Of course, this is not an entirely new threat. The industrial revolution threatened farmers through advancements in agricultural productivity, as well as increasing worker productivity in general. Yet, as economist Walter Williams explains, this was never actually a problem. In the United States, farmers were 90% of the labor force in 1790, but this decreased to 41% in 1900 (and is down to under 3% currently). All this means, however, is that increases in productivity allowed individuals who would have otherwise been farmers to seek employment in other fields (no pun intended).
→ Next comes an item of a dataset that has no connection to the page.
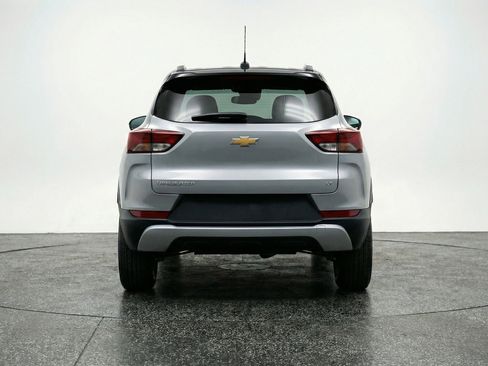 Used 2025 Chevrolet TrailBlazer LT image 7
Say’s law, commonly misunderstood as “supply creates its own demand,” can be more correctly understood through the insight of W.H. Hutt: “All power to demand is derived from production and supply. . . . The process of supplying—i.e., the production and appropriate pricing of services or assets for replacement or growth—keeps the flow of demands flowing steadily or expanding.” As each person becomes more productive, therefore, they are able to demand more in return for their increased production, which allows others to maintain their employment as well.
Empirical studies on the current effects of automation support this view of the situation as well. A 2017 study by Greggory, Salomons, and Zierahn with the Mannheim Centre for European Economic Research found that routine-replacing technological change accounted for a net increase in labor demand of about 11.6 million jobs across 27 EU countries from 1999-2010 (in comparison to a total growth of 23 million jobs over the same period). In 2015, Graetz and Michaels, working with the Centre for Economic Performance, found “the increased use of robots raised countries’ average growth rates by about 0.37 percentage points. We also find that robots increased both wages and total factor productivity. While robots had no significant effect on total hours worked, there is some evidence that they reduced the hours of both low-skilled and middle-skilled workers.”
This last point is what may create an actual problem. Automation is unlikely to eliminate employment as we know it, but it will likely require a shift away from low-skilled labor. Like the farmers of the 18th and 19th centuries, many low-skilled workers may find their specific jobs being eliminated in favor of more technical employment. If people are given incentive to avoid this shift, it may result in unnecessary hardship for low-skilled workers.
Predictably, this has led some to advocate exactly that. A universal basic income, as suggested by Elon Musk and others fearing a robot takeover, would only give low-skilled workers greater incentive to avoid investing in their educations, slowing the increase in human capital that would maintain high levels of employment as automation becomes more prevalent.
A more reasonable policy recommendation would be to amend the tax code to reduce the disincentive to enter new fields of employment. Currently, education expenses for entering a new trade or business are not deductible. In addition, expenses incurred seeking employment in fields other than an employee’s current trade or business are not deductible because they are not “carrying on” the trade or business when they incur the expense. Simply allowing these two deductions would make it easier for workers to adapt to the changing demands of an evolving economy.
Even if these changes are not enough and the Luddites are correct about robots stealing all of our jobs, there still would not be a problem because there will be plenty of lucrative work available as robot-smashers.